Audubon Society of Portland Statement on the Verdict in the Malheur Occupation Case
Audubon Society of Portland is deeply disappointed by the jury’s verdict in the case of seven defendants who occupied Malheur National Wildlife Refuge in early 2016. We respect the legal process, but believe that the armed occupation of public lands, which included destruction of public property and disturbance of Native American archaeological sites, should have resulted in substantial penalties.
October 28, 2016
Audubon Society of Portland is deeply disappointed by the jury’s verdict in the case of seven defendants who occupied Malheur National Wildlife Refuge in early 2016. We respect the legal process, but believe that the armed occupation of public lands, which included destruction of public property and disturbance of Native American archaeological sites, should have resulted in substantial penalties. Important restoration work on these public lands was disrupted, federal employees were intimidated, and today — more than ten months after the occupation — the public is still not able to access refuge headquarters. Taxpayers have been left with a bill that is expected to exceed $6 million. Regardless of the verdict, the occupation of Malheur remains an attack on public lands and resources.
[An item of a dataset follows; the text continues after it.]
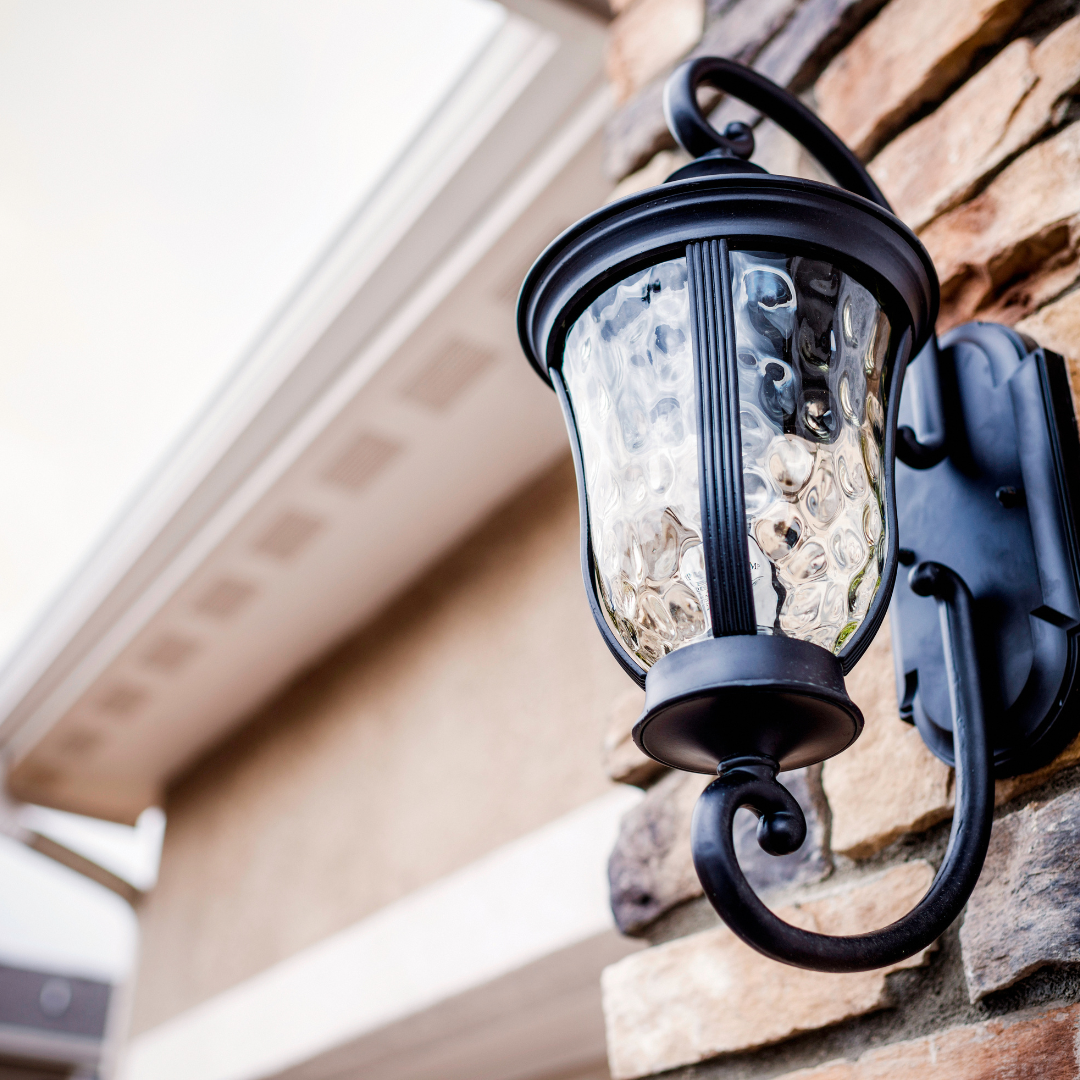 Exterior home lighting fixture installed on a home.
We also cannot ignore the disparities in the manner in which armed occupiers of public lands at Malheur were handled relative to the current treatment of unarmed Native American-led Dakota Access Pipeline protests on their own lands at Standing Rock. The two situations reveal deeply troubling inequities.
Audubon Society of Portland greatly appreciates the work of public employees who staff Malheur and other public lands. Public servants should not face the risk of armed intimidation simply for doing their jobs. The verdict in the Malheur case will put public employees at greater risk of intimidation in the future. Audubon Society of Portland also greatly appreciates the community in Harney County, which largely rejected the illegal armed occupation as a way to resolve conflict.
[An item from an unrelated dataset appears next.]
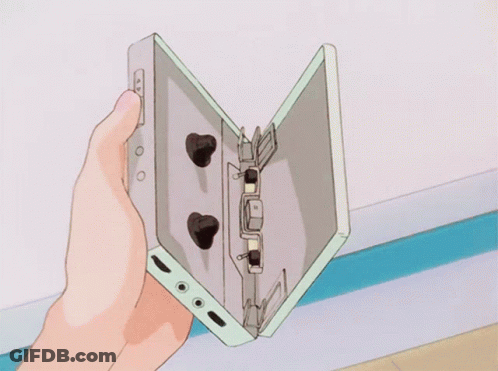 A Person Is Holding A Cassette Tape In Their Hand GIF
We are still processing the verdict in the Malheur Case, but today we are committed to three paths forward. First, Portland Audubon remains committed to the collaborative process at Malheur, which started long before the occupation, continued during the occupation, and continues to this day. We look forward to continuing to work with the community, the refuge, the Burns Paiute Tribe and other conservation groups to move forward on areas of consensus and to peacefully and respectfully resolve areas of disagreement. Second, we remain steadfastly committed to protecting our public lands on the ground and in the court system. Our public lands are national treasures and they belong to us all. Third, we call on Oregon’s congressional delegation to lead legislative efforts which will ensure that there is adequate legal protection so that public lands, public employees and public access are not threatened by armed extremists.
Audubon Society of Portland’s history with Malheur dates back to our founding in 1902. October 27 was a dark day in the history of Malheur and of our public lands, but we remain confident that the outstanding collaborative processes at Malheur and America’s love and appreciation for public lands, will continue to light a path forward.